(What to work on) Take the line that holds "龙江街 2室1厅1卫 80平方" and every line after it to the end of the entries, and repeat them exactly without the pictures.

(Given data)
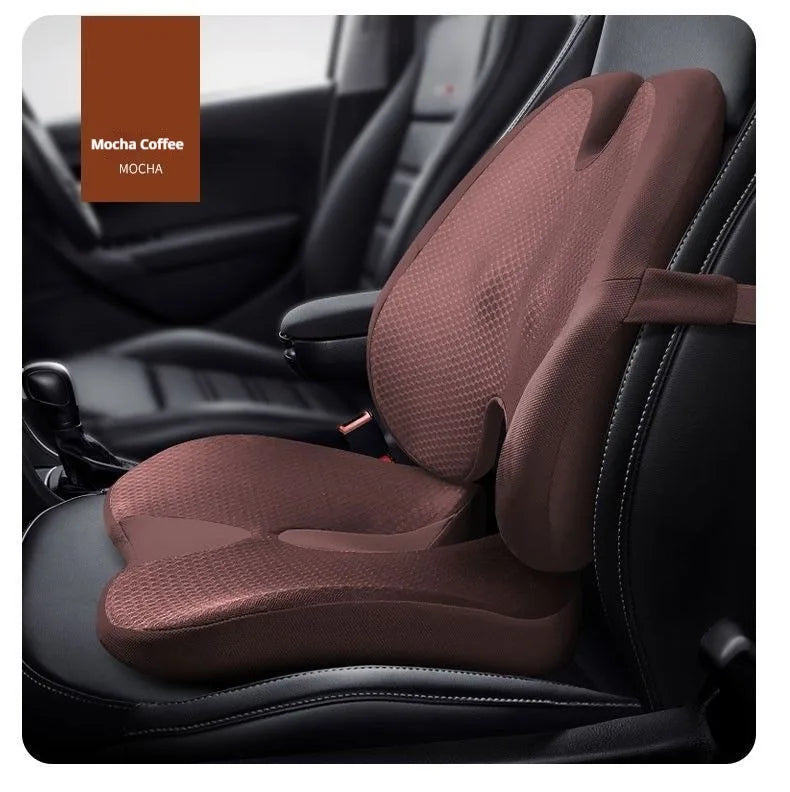 Memory Foam Car Seat Cushion & Back Support Pillow – Relieve Spine Pain and Pressure - Delicate Leather  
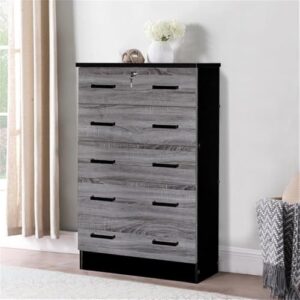 Better Home Products Cindy 5 Drawer Chest Wooden Dresser with Lock in Ebony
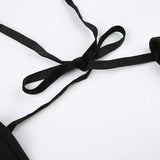 Black Backless Tie Up A-Line Dress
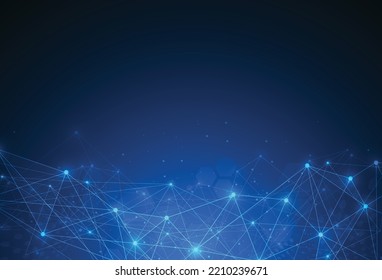 Abstract technology lines and dots connection background. Geometric design. Vector illustration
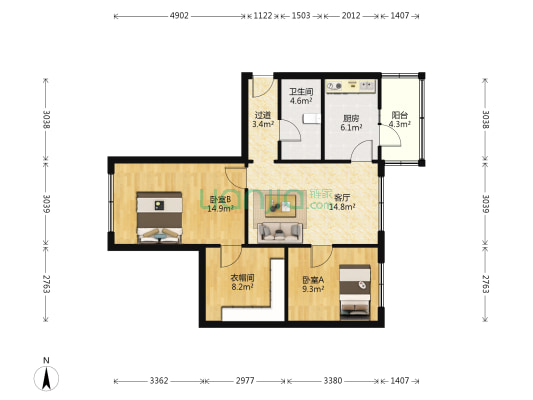 龙江街 2室1厅1卫 80平方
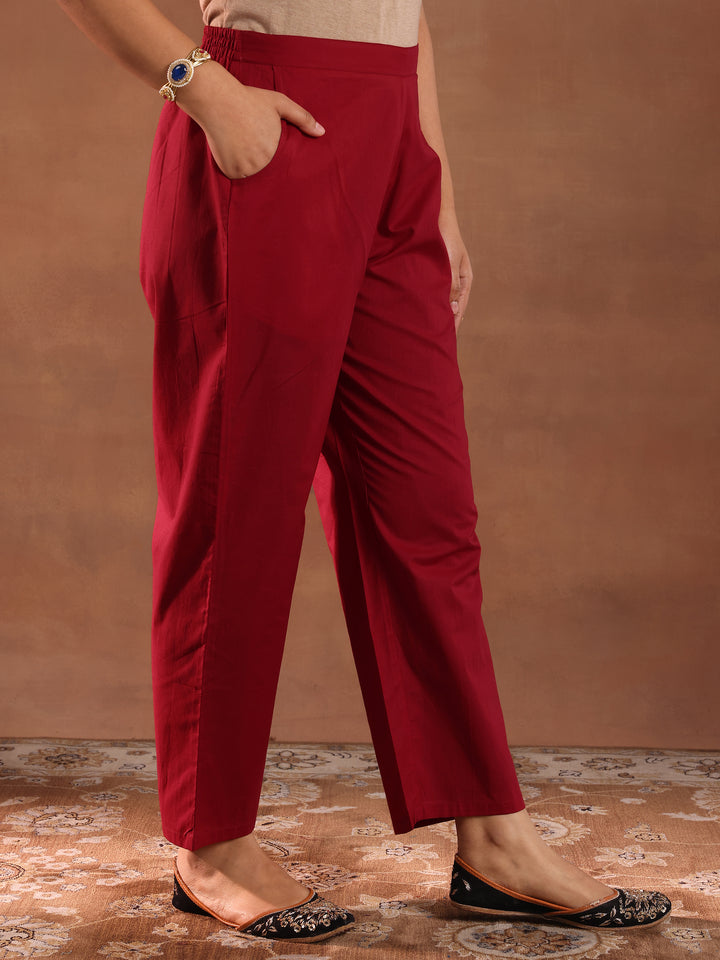 Maroon Woven Design Chanderi Silk Straight Suit With Dupatta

(Result of this exercise)
 龙江街 2室1厅1卫 80平方
 Maroon Woven Design Chanderi Silk Straight Suit With Dupatta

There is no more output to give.